Wien (PK) - Als letzte Beratungsgruppe kam am Freitag das Kapitel "Äußeres" im Nationalrat zum Aufruf. Abgeordneter Dr. CAP (S) stellte die Frage, ob es überhaupt eine "gestaltende österreichische Außenpolitik" gebe. Vor allem im Rahmen der EU, wie zum Beispiel in den Bereichen Vertiefung oder Erweiterung, vermisse er eine originär österreichische Handschrift. Österreich solle sich nicht kleiner machen als es ist, betont er. Für unausgegoren hielt Cap auch die "strategische Partnerschaft", zumal man bisher keine gemeinsamen Interessen erkennen wollte. Was die Auslandskulturarbeit anlangt, so orte er zwar Fortschritte, viele Fragen seien aber noch offen. Schließlich fragte er die Außenministerin, ob sie Bundespräsidentin werden wolle.

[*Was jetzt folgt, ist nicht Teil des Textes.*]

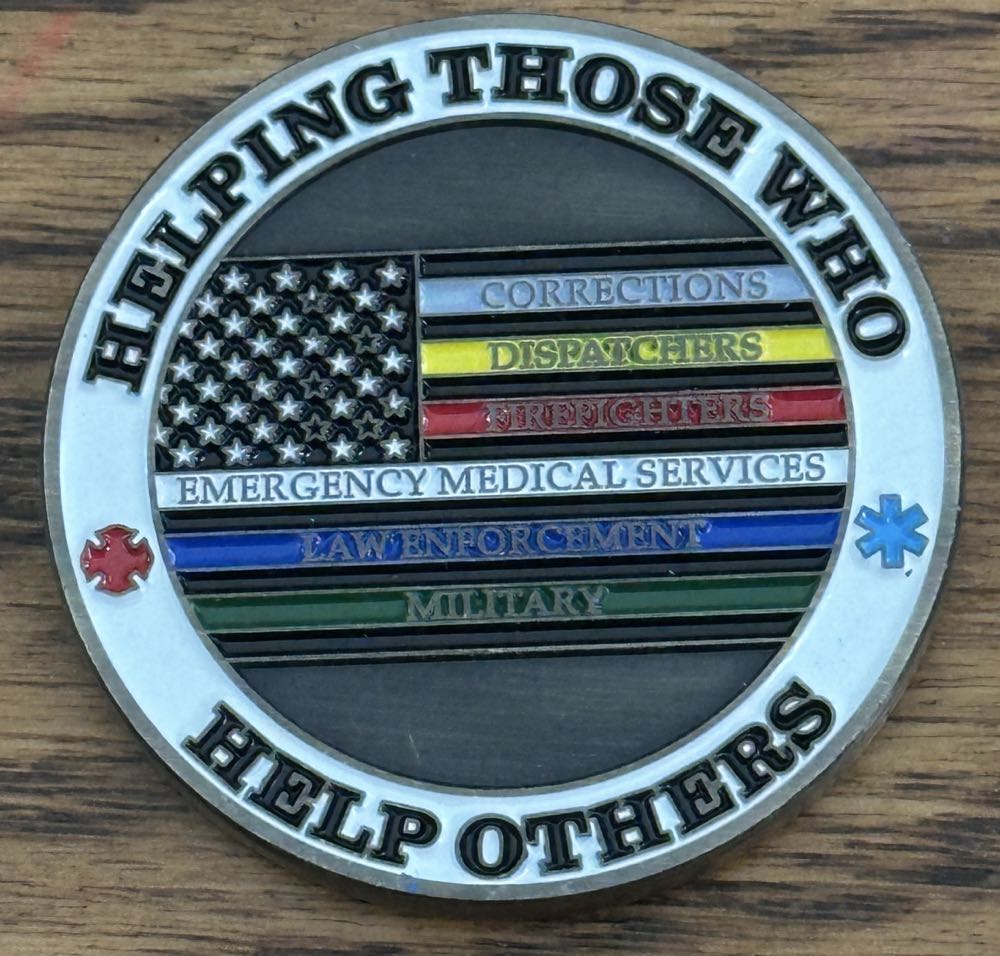 Worldwide Peer Support  coin collectible - Main Image 2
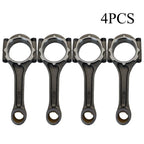 Set of 4 Connecting Rods for Toyota Pickup 4Runner (1975–1995) 20R 22R 22RE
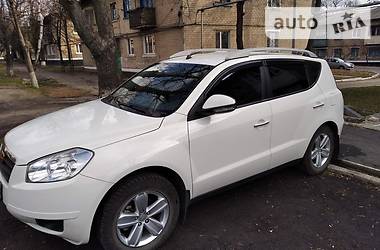 Внедорожник / Кроссовер Geely Emgrand X7 2014 в Днепре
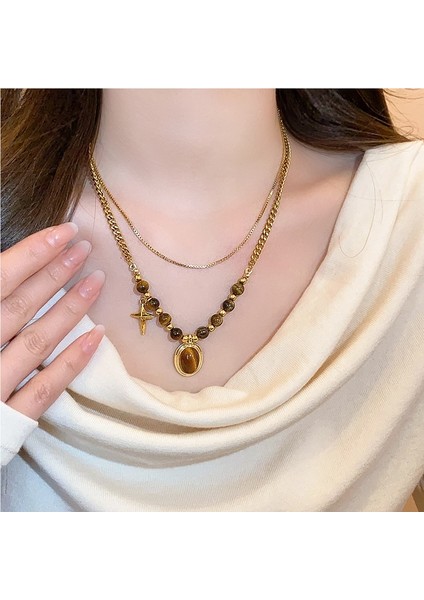 Yıldız Kolye Kolye (Yurt Dışından) modelleri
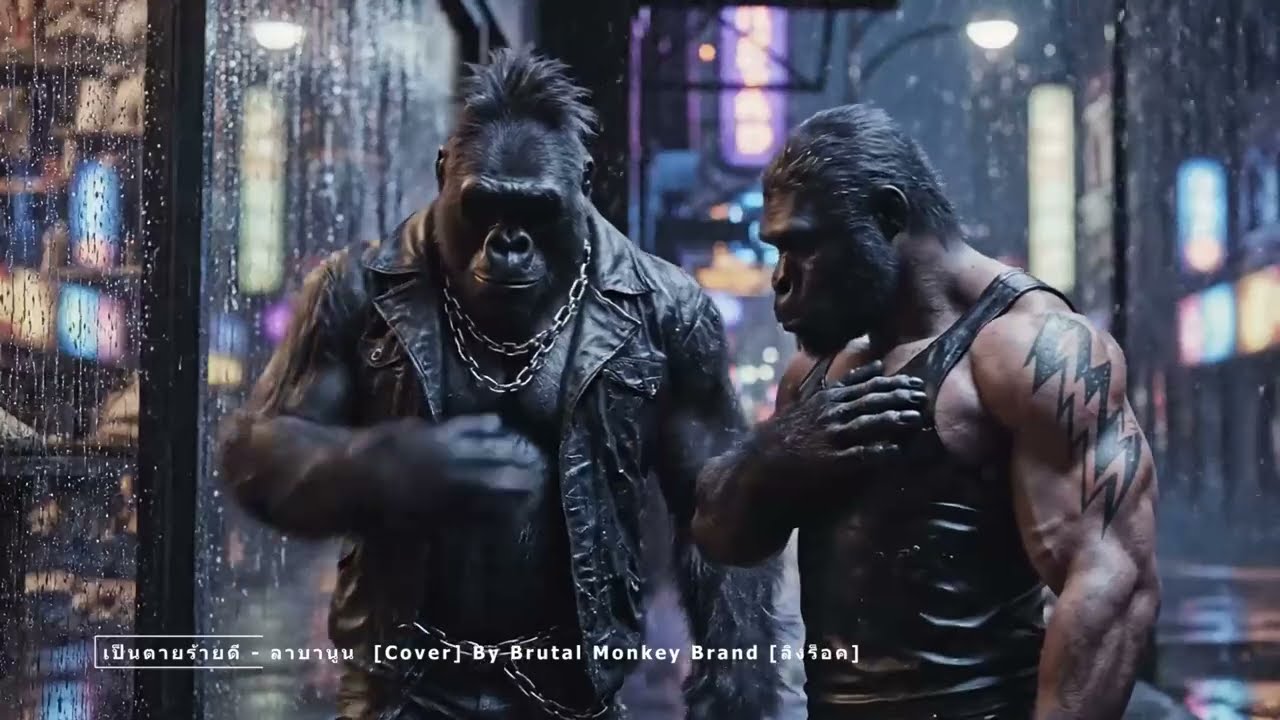 เป็นตายร้ายดี - ลาบานูน [Cover] By Brutal Monkey Brand [ลิงร็อค]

Abgeordneter Mag. SCHWEITZER (F) war der Auffassung, dass es keinem sozialistischen Bundeskanzler gelungen war, eine eigene Handschrift auf europäischer Ebene zu hinterlassen. Erst die neue Bundesregierung habe es zum ersten Mal geschafft, wichtige Akzente in Europa zu setzen, und zwar in Nizza. Sodann befasste er sich mit der Situation im Nahen Osten und ersuchte die Außenministerin, die EU daran zu erinnern, dass gleiche Rechte für alle gelten müssen. Was die gemeinsame Agrarpolitik in der EU betrifft, so sei es dringend notwendig, diese einer grundlegenden Reform zu unterziehen, da sonst eine Erweiterung nicht möglich sei. Ein wichtiges Augenmerk müsse auch auf das Subsidiaritätsprinzip gelegt werden.

Abgeordnete Mag. LUNACEK (G) zollte den Mitarbeitern des Außenministeriums Respekt für ihre Arbeit, und zwar gerade im letzten Jahr. Nicht zufrieden könne sie aber mit den budgetären und inhaltlichen Weichenstellungen in der Außenpolitik sein. Sie vermisse eine offensive und gestaltende Außenpolitik, die klare Positionen hinsichtlich der Probleme in Südosteuropa und im Nahen Osten bezieht. Nicht stolz sein könne man auch auf die Vorgangsweise Österreichs in der Frage der EU-Erweiterung, wo Österreich für eine siebenjährige Übergangsfrist bei der Personenfreizügigkeit eingetreten ist. Ein wichtiges Anliegen war für Lunacek die Entwicklungspolitik. Sie bedauerte, dass das EZA-Budget reduziert wurde und gab ihrer Hoffnung Ausdruck, dass die Mittel im nächsten Jahr - wie angekündigt - erhöht werden.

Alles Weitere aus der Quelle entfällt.